Value of g on Earth with a smaller radius

[Jimmy25]

What would be the value of g if the radius of the Earth was decreased by half while maintaining the same mass.

This is what I did

g = MG / R^2

g = MG / (0.5R)^2

g = MG / 0.25R^2

0.25g = MG / R^2

I know this is not correct and the actual answer is 4g because as you get closer to the center of the Earth the gravitational force will increase but I cannot figure out why this attempt is wrong.

 

[tiny-tim]

Hi Jimmy25!

(try using the X² tag just above the Reply box )

What would be the value of g if the radius of the Earth was decreased by half while maintaining the same mass.
…
g = MG / 0.25R^2

0.25g = MG / R^2

Why did you put that 0.25 on the LHS?

 

[Pengwuino]

What you have initially is the gravitational acceleration due to the Earth while you're at the surface, or at a distance R. You then manipulated the equation to ask not what the value of g would be at the surface if the radius was half as large, but what would the value of the acceleration be at that same distance R if the radius was half as large.

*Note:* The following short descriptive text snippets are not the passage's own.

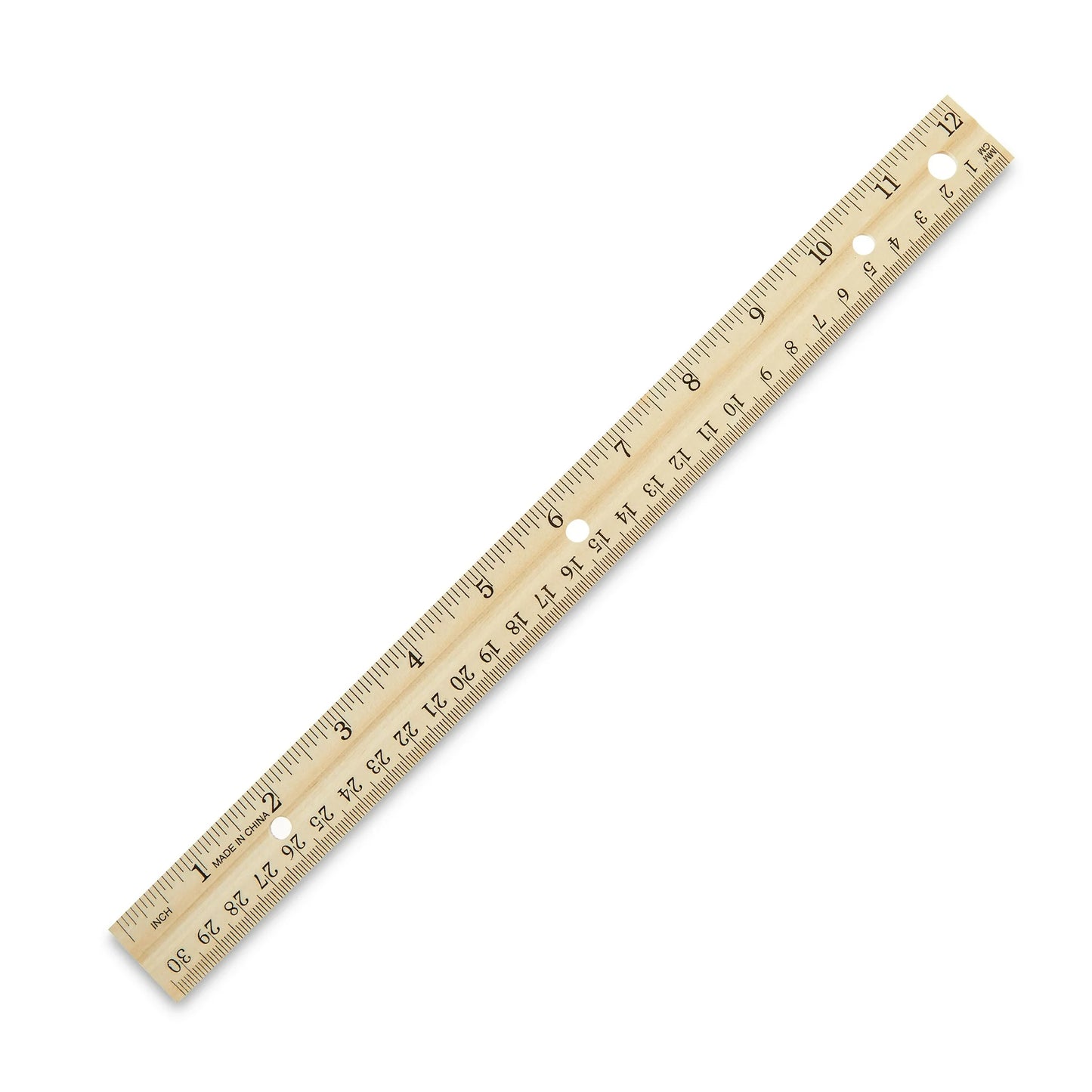 Pen + Gear Wood Ruler, 12 inch, Ideal for Elementary to High School Educational Level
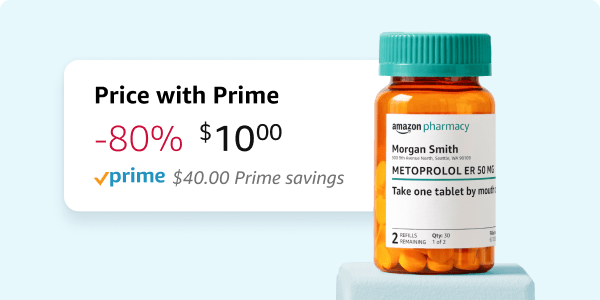Prime savings Amazon pharmacy bottle with price card which shows 80% Prime savings off of the retail price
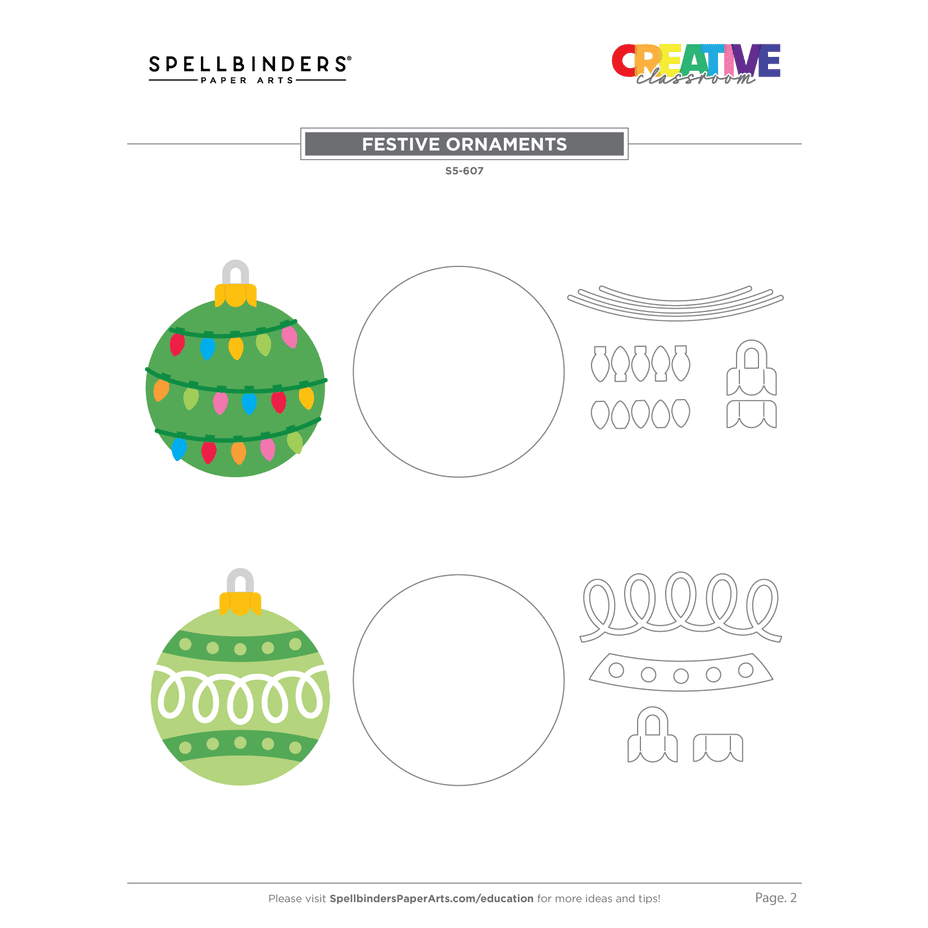 Spellbinders Festive Ornaments Etched Dies - Merry Mug & Circle Delights Collection - Nichol Spohr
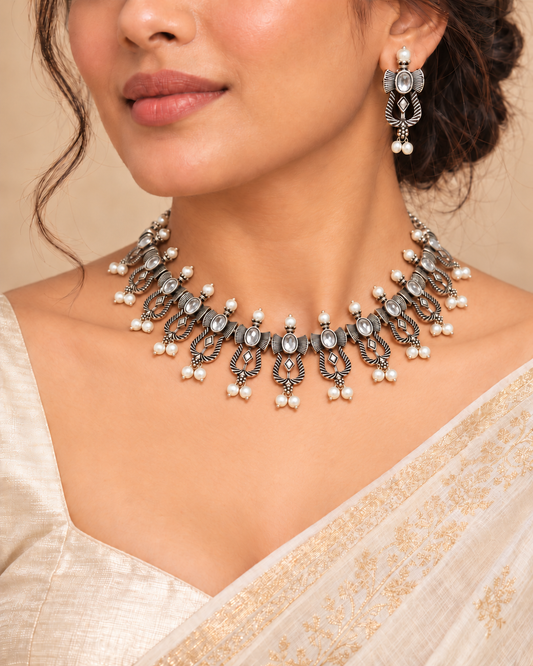 Temple Design Navrang Necklace Set-Kundan — AI-styled model view; proportions referenced to original product photographs
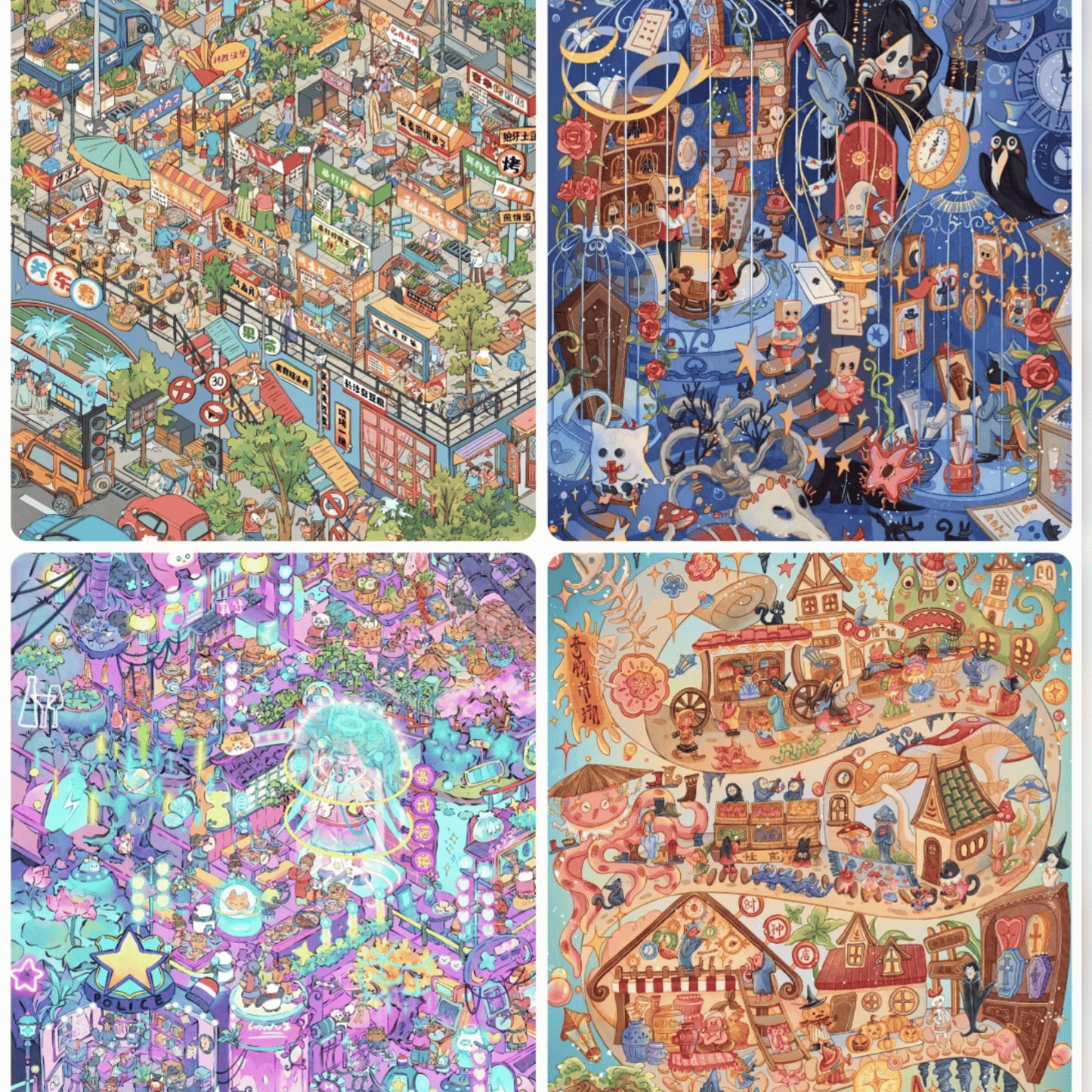 Fantasy World 3D Scene Sticker Plus Size 4 Theme Sets: Cyber Town | Food Street | Curious Market | Mr. Crow’s Cage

What I would do is setup a ratio, g' and g, where g' is at the surface of some planet with radius R' with the same mass, but then take R' = 0.5R and divide the two equations.

 

[willem2]

you confuse the values of g before and after the shrinking of the earth

you have g_old = MG/R^2

now g_new is MG/(0.5*R)^2

and (0.25)*g_new = MG/R^2 = g_old so

g_new = 4*g_old, as expected

 

[Jimmy25]

(0.25)*g_new = MG/R^2 = g_old so

g_new = 4*g_old, as expected

Ok I see. So g_old was equal to one quarter g_new

Thanks, was racking my brain over this one. Sometimes the simplest question can be the most challenging.